老师的愤怒使冉求变得小心翼翼,甚至不敢和老师说真话。一日退朝,他又去看望夫子。老师说为什么今天下班这么晚哪?冉求答,有政务要处理。孔老师根本不信他的话,说道:我看你只是有事务要处理罢了!如果有政务,虽不用我,我也会知道的。(“冉子退朝,子曰:‘何晏也?’对曰:‘有政。’子曰:‘其事也!如有政,虽不吾以,吾其与闻之!’”《论语 子路》)这里,我们可以清楚地看出这对师徒关系已经比较紧张,虽然表面上还实行着师生之间的礼节,实际上,彼此的内心已经开始生分,那份昔日的真情再也看不到了。

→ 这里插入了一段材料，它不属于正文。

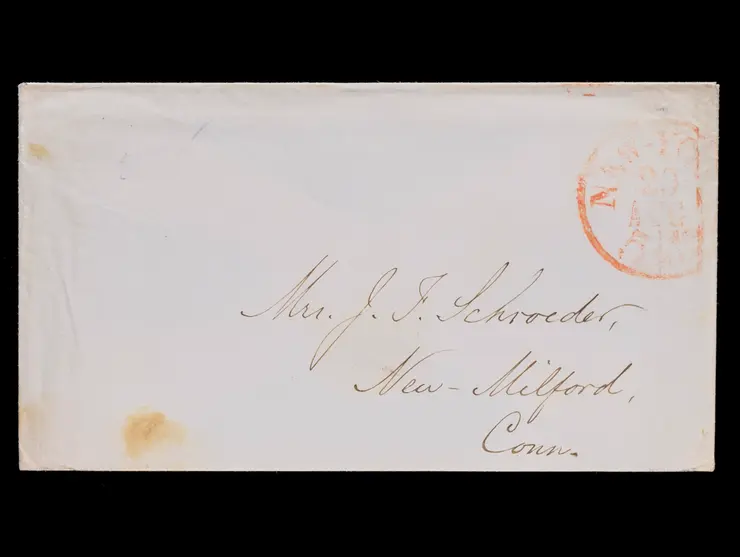 Sparks' Post Office, New York, Red Oval Handstamp on Flap, 1848, to New Milford, Connecticut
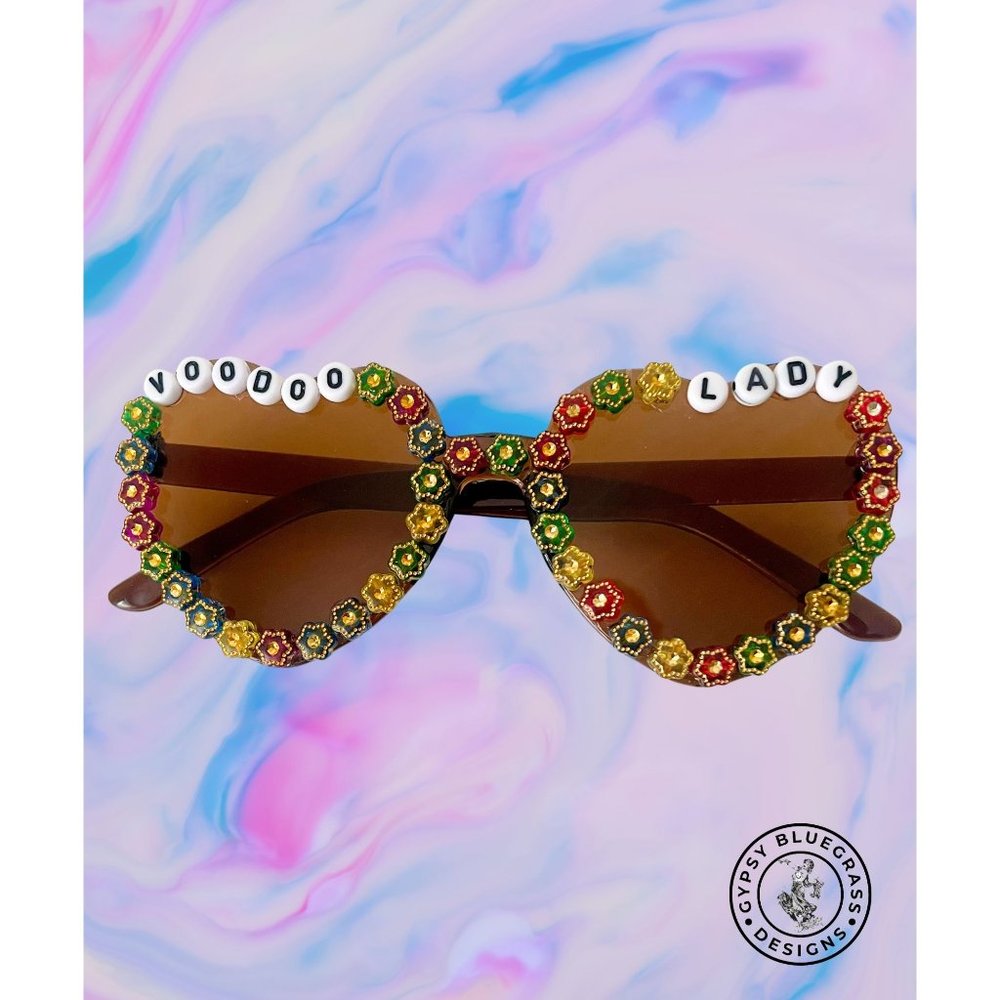 Voodoo Lady Festival Party Bling Mandala Bead Brown Heart Sunglasses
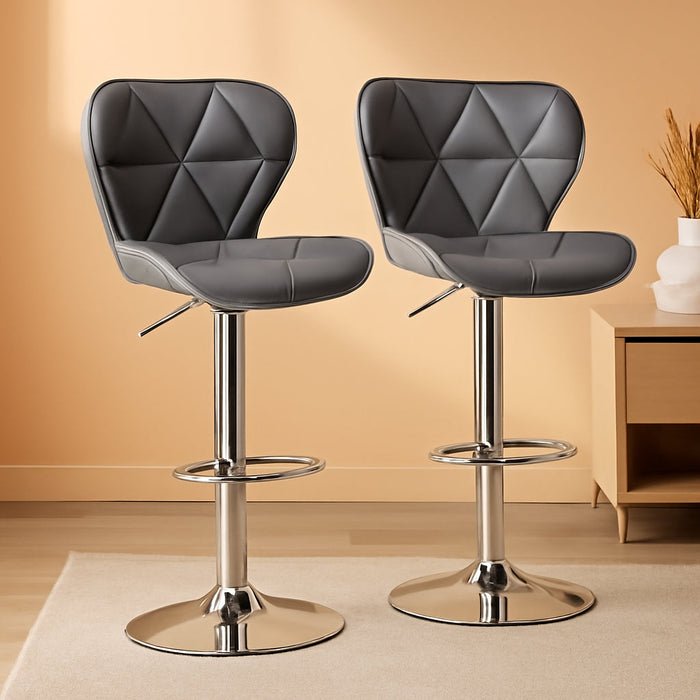 Bar Stools, Stylish Adjustable PU Leather Swivel Barstools, Counter Height Bar Chair Set of 2 with Foma Padded for Home Kitchen, Grey
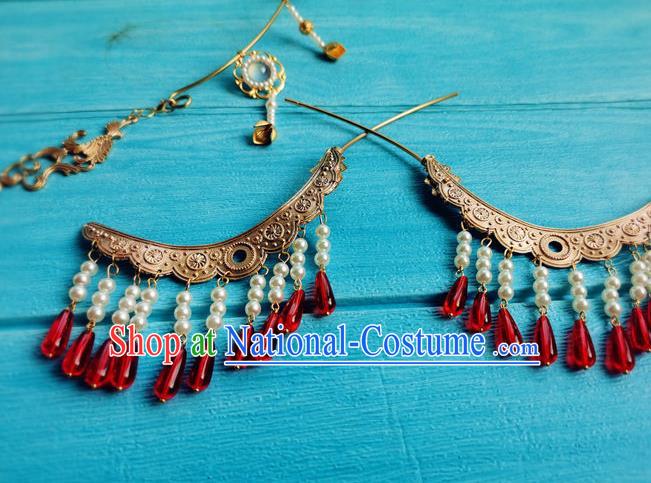 Chinese Ancient Empress Tassel Hairpins Traditional Hanfu Hair Accessories Jin Dynasty Court Woman Hair Stick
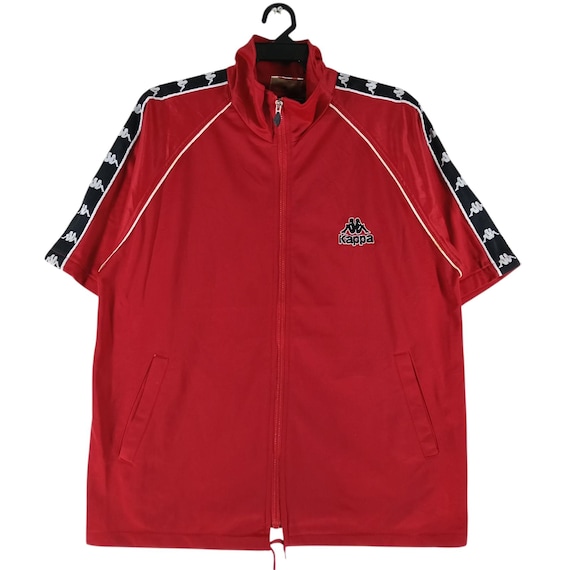 Kappa 赤 フルジッパージャケット Mサイズ Vintage 90's Kappa Side Tape Red Track Top Short Sleeve Kappa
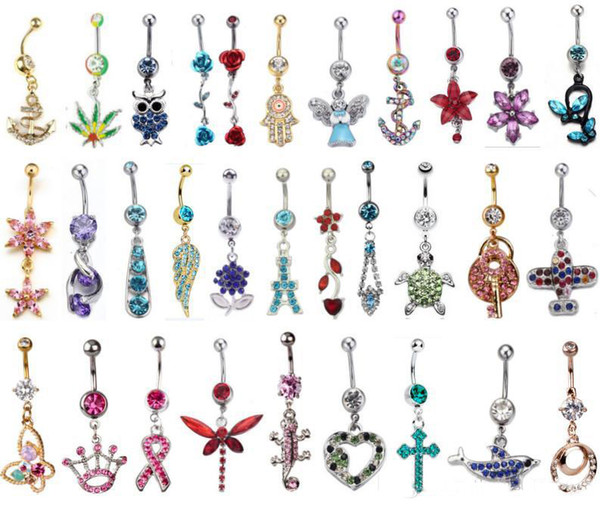 Hot Sale Gem mixed different designs Belly Button Rings 316L Stainless Steel Navel Piercing Dangle Belly Rings Body Jewelry Gift 8pcs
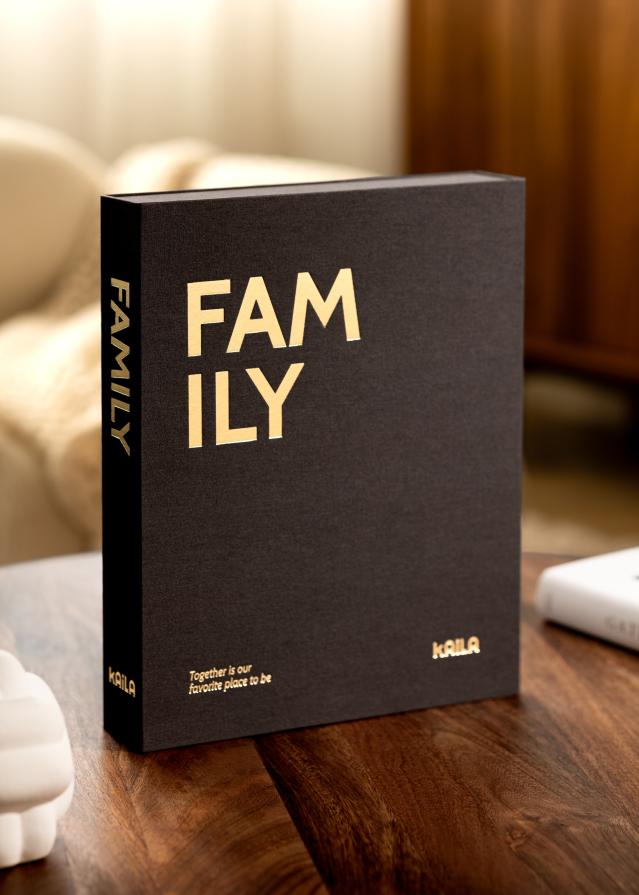 KAILA FAMILY Creme - Coffee Table Photo Album (60 Melni Lappuses / 30 loksnes)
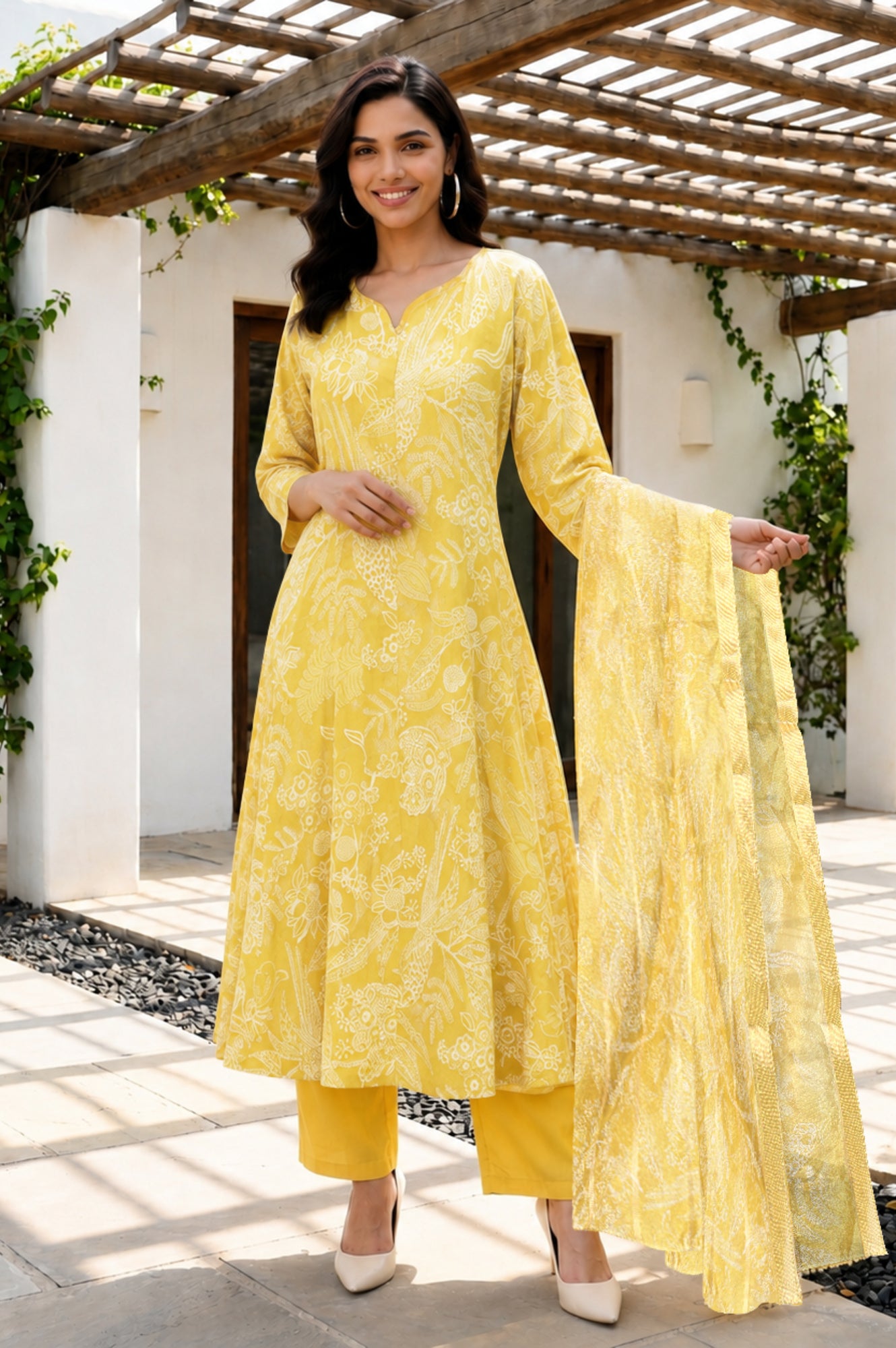 Yellow Floral Printed Semi Sheer Dupatta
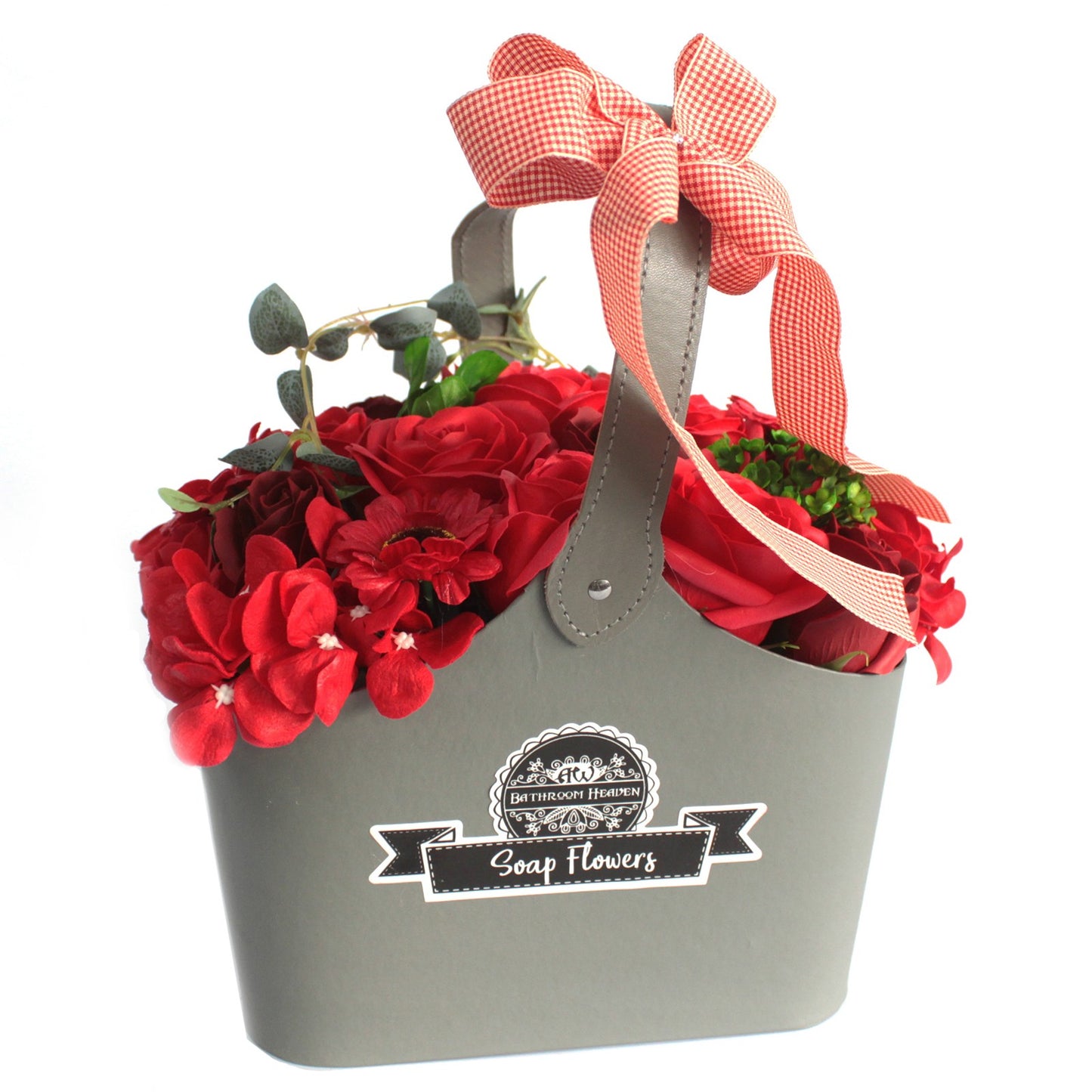 Red Soap Flower Bouquet Basket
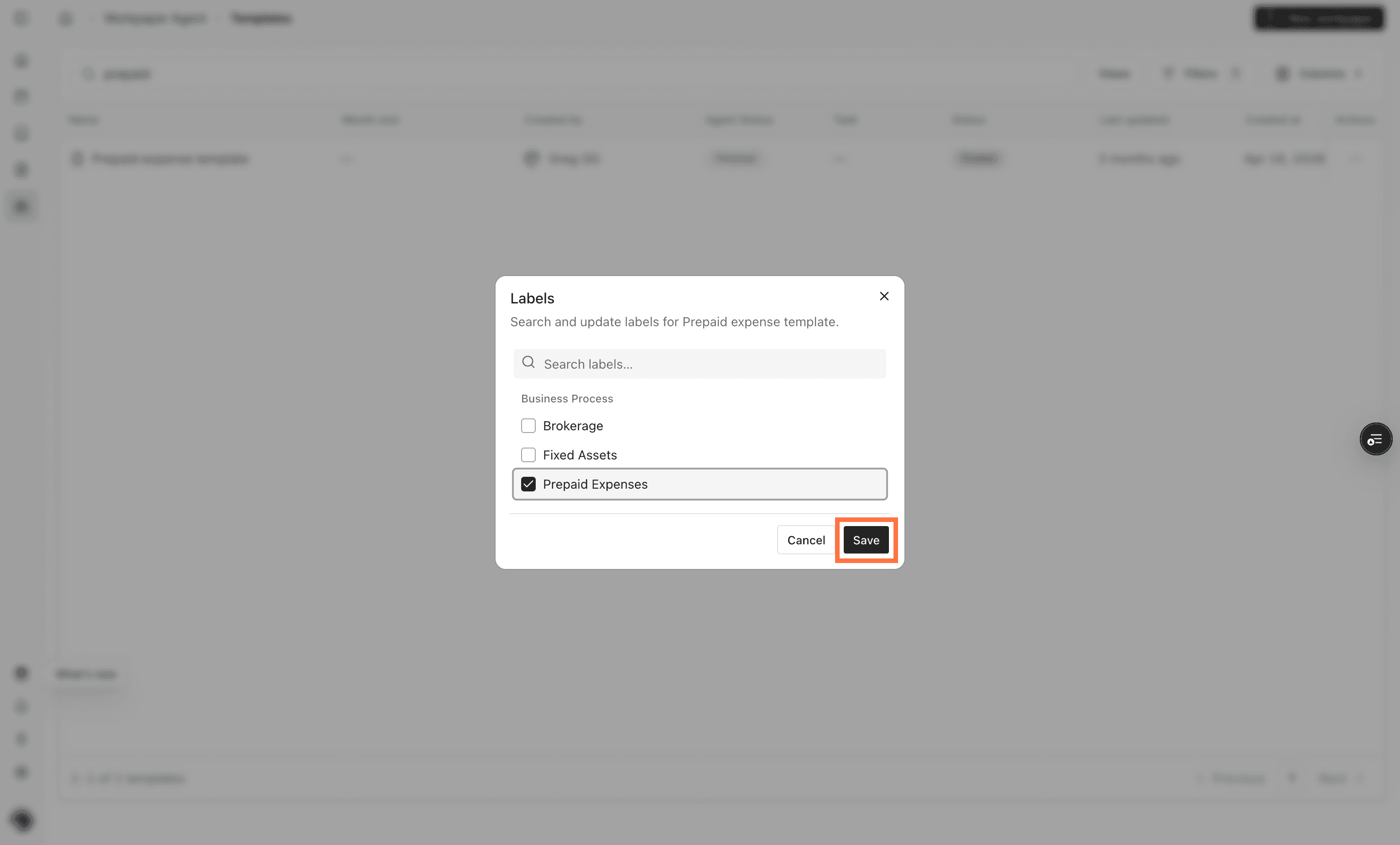 Screenshot showing a selected label and the Save action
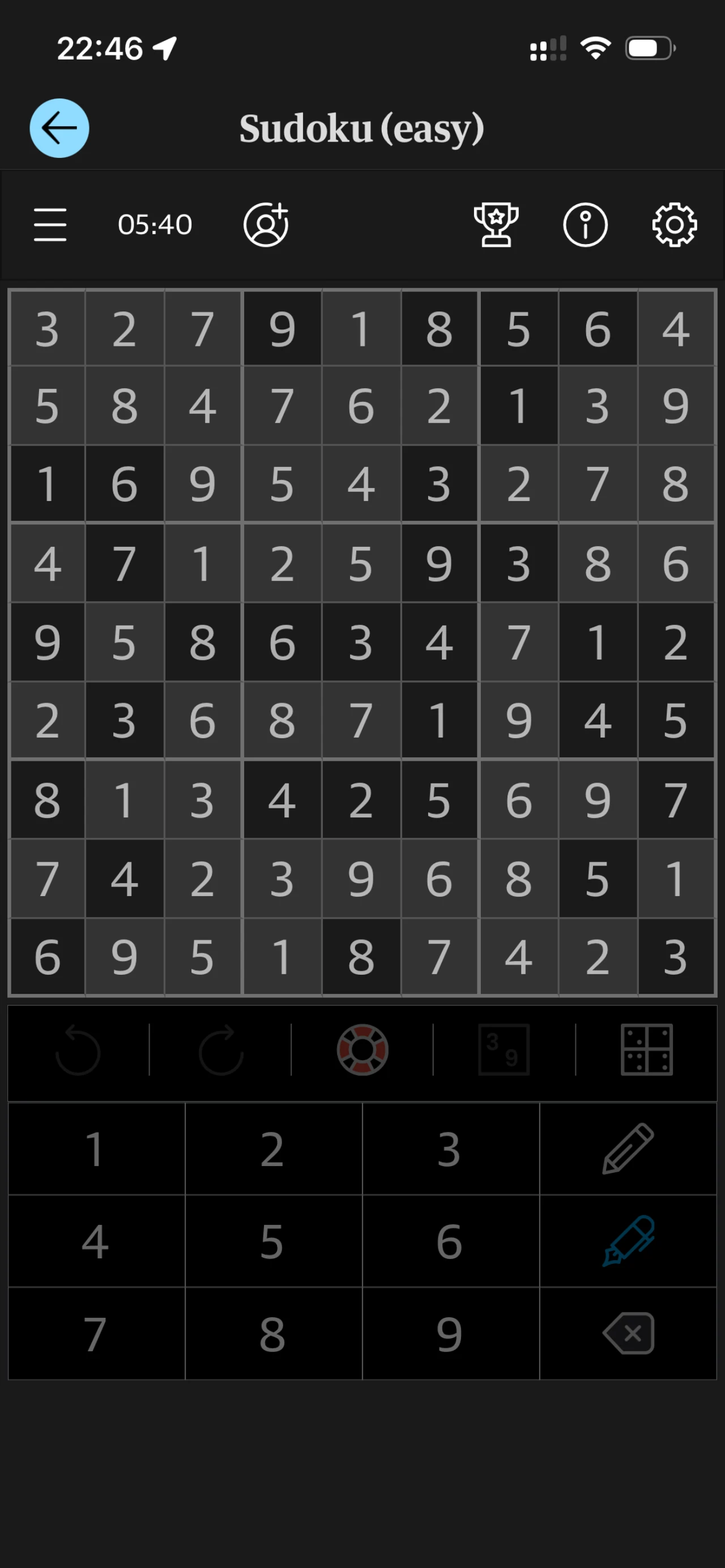 completed sudoku puzzle with a timer showing 05:40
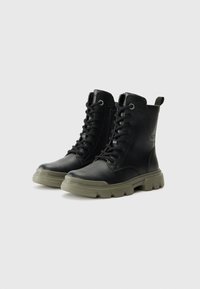 Geox JUNETTE - Botines con cordones - black/olive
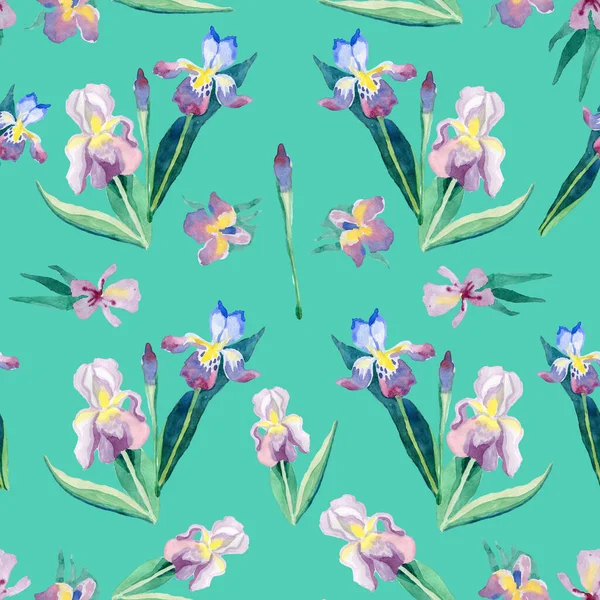 Квітучий райдужний акварельний безшовний візерунок романтичне літо для тканини — стокове фото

在《论语 季氏》篇中有一段关于“季氏将伐颛臾”的记载。这段文字非常精彩,是《论语》的名篇,被选入了中学语文课本。它也是夫子对冉求的最严厉的批评,不过这次还有个陪斩者,这也许能让冉求的感觉稍微好一点儿。为评析方便,引全文如下:
季氏将伐颛臾。冉有、季路见于孔子曰:“季氏将有事於颛臾。”孔子曰:“求,无乃尔是过与?夫颛臾,昔者先王以为东蒙主,且在邦域之中矣,是社稷之臣也,何以伐为?”冉有曰:“夫子欲之;吾二臣者皆不欲也。”孔子曰:“求!周任有言曰:‘陈力就列,不能者止。’危而不持,颠而不扶,则将焉用彼相矣?且尔言过矣!虎兕出于柙,龟玉毁于椟中,是谁之过与?”冉有曰:“今夫颛臾,固而于於费。今不取,后世必为子孙忧。”孔子曰:“求!君子疾夫舍曰‘欲之’而必为之辞。丘也,闻有国有家者,不患寡而患不均,不患贫而患不安。盖均无贫,和无寡,安无倾。夫如是,故远人不服,则修文德以来之。既来之,则安之。今由与求也,相夫子,远人不服而不能来也;邦分崩离析,而不能守也;而谋动干戈于邦内,吾恐季孙之忧,不在颛臾,而在萧墙之内也!”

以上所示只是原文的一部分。